## TASK PROMPT
Where an entry contains an image, skip the image and print the rest exactly.

## RECORDS SUPPLIED

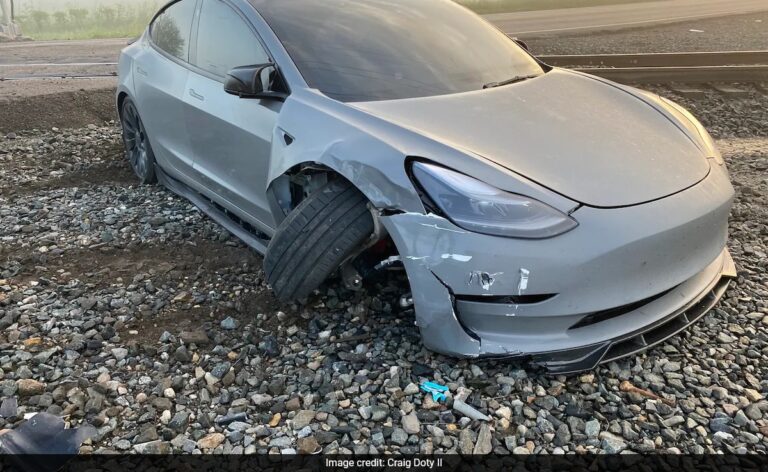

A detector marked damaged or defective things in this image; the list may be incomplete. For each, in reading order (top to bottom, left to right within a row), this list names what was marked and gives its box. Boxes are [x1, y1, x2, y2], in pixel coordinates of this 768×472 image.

damaged tesla car [117, 0, 736, 372]
cracked headlight housing [414, 162, 576, 240]
crushed front bumper [380, 162, 736, 372]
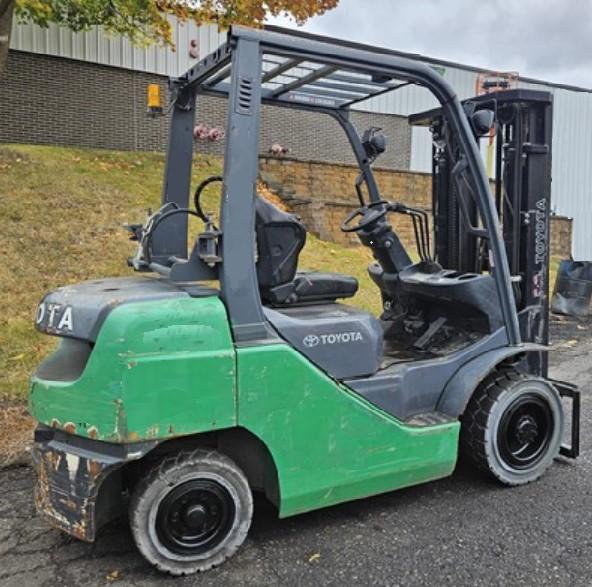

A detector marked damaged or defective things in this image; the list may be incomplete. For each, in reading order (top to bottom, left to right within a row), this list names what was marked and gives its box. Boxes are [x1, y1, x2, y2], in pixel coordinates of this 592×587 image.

cracked pavement [1, 320, 592, 584]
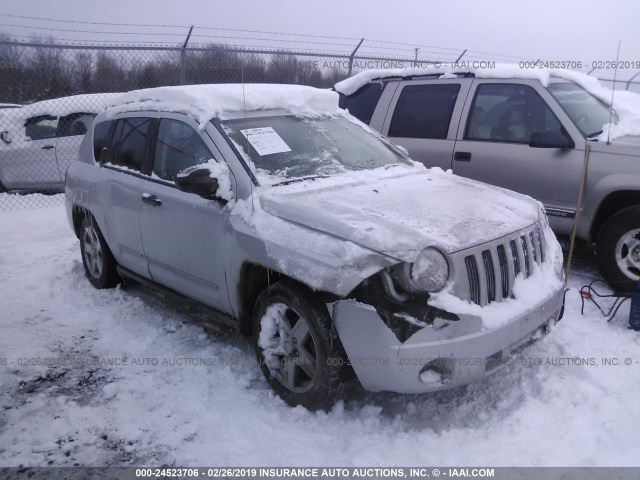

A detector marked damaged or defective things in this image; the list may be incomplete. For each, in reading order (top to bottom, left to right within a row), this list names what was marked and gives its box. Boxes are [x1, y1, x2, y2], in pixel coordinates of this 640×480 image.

exposed headlight assembly [396, 248, 450, 292]
damaged front bumper [330, 284, 564, 394]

## SOLUTION FOR THIS PROBLEM
A detector marked damaged or defective things in this image; the list may be incomplete. For each, in reading order (top to bottom, left to right within a row), this list names what was marked and gives its box. Boxes are [x1, y1, x2, y2], in pixel coordinates of this 768×472 image.

damaged tesla car [117, 0, 736, 372]
cracked headlight housing [414, 162, 576, 240]
crushed front bumper [380, 162, 736, 372]

A detector marked damaged or defective things in this image; the list may be incomplete. For each, in reading order (top to bottom, left to right within a row), this list names what was marked and gives its box. Boxes are [x1, y1, x2, y2], in pixel coordinates of this 592×587 image.

cracked pavement [1, 320, 592, 584]

A detector marked damaged or defective things in this image; the list may be incomplete. For each, in reading order (top to bottom, left to right within a row), this list names what was marked and gives its box. Boxes are [x1, y1, x2, y2], in pixel coordinates of this 640×480 image.

exposed headlight assembly [396, 248, 450, 292]
damaged front bumper [330, 284, 564, 394]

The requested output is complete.